RECORDED INFORMATION Block Start
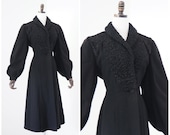 Dramatic Bishop Sleeve 1940s Coat New Look Fit Flare Silhouette Astrakhan Fur Trimming 30.7 quot Waist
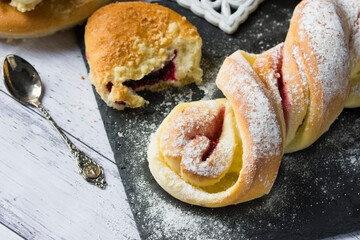 Twisted yeast cake covered in powdered sugar.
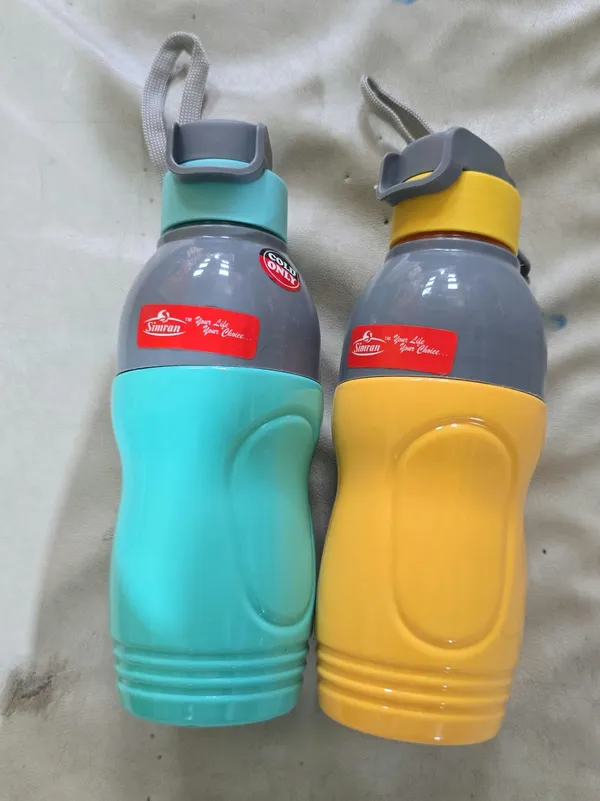 Plastic_Everyday_Set_Of_2_Water_Bottles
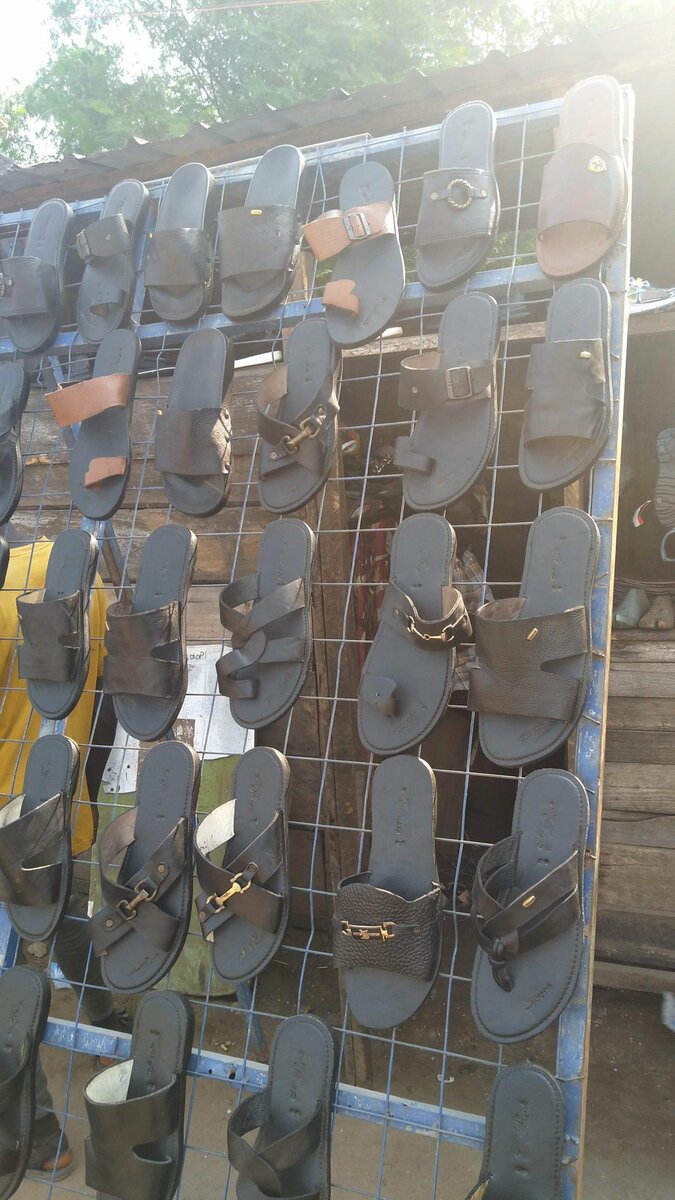 AFRICAN WARE SLIPPERS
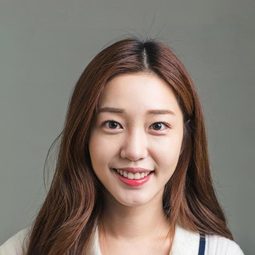Yun Areum 飾演 Young Lee Yeong-ji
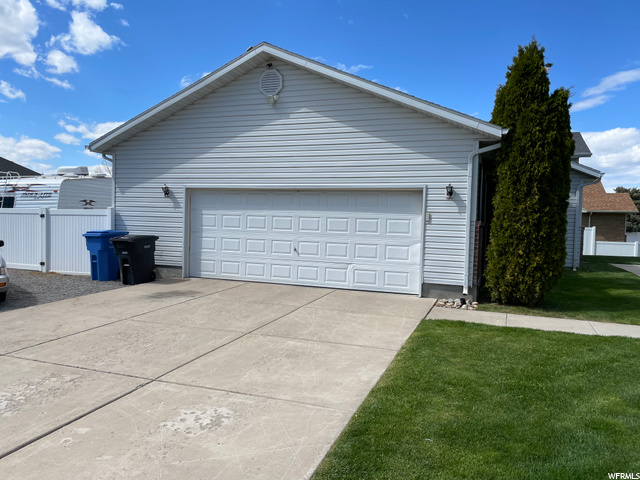 422 S 800 E, Hyrum, UT 84319 — photo 7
RECORDED INFORMATION Block End
**REQUIRED ACTION**. From the line containing "Twisted yeast cake" through the last line of the entries, both included, print each line exactly and omit any picture.

**RESULT**.
 Twisted yeast cake covered in powdered sugar.
 Plastic_Everyday_Set_Of_2_Water_Bottles
 AFRICAN WARE SLIPPERS
Yun Areum 飾演 Young Lee Yeong-ji
 422 S 800 E, Hyrum, UT 84319 — photo 7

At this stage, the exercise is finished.